Suppose your architecture is API -> Web sockets and you want to make it highly scalable, then what I'd do is:

1. Many API -> few relays (use doozerd to keep up to date as to where the relays are and select one randomly, use ZMQ_ROUTER socket type to enqueue API->relay messages).

2. Few Relay -> many web socket (again using doozerd for the web socket nodes to find the relay, and using ZMQ_PUB on the relay and ZMQ_SUB on the web socket nodes).

paddyforan · on Oct 20, 2012

Sounds like it would work, and have great availability and scalability. It just, conceptually, doesn't mesh with how I think about the system. An absolutely aesthetic distinction, I know.

jeremyjh · on Oct 20, 2012

You didn't look very hard.

http://www.rabbitmq.com/ha.html

paddyforan · on Oct 20, 2012

I thought you just missed this.
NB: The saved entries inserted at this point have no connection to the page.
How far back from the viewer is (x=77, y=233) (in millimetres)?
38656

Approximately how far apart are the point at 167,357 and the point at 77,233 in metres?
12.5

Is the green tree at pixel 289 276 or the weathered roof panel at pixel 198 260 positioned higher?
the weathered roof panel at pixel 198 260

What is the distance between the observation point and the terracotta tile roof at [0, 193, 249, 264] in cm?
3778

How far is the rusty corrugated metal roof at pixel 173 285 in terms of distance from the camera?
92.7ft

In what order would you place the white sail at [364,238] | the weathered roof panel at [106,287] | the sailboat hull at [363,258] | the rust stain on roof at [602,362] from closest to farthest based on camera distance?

Apparently I was wrong.

I think you're missing the point a little.

old_sound · on Oct 22, 2012

You'll have a single point of failure depending on how you orchestrate your architecture, not if you use RabbitMQ, ZeroMQ or whatever. There's no magic in the software world

paddyforan · on Oct 23, 2012

And my application will certainly have its single points of failure. But they will be things that I could not architect around with new software.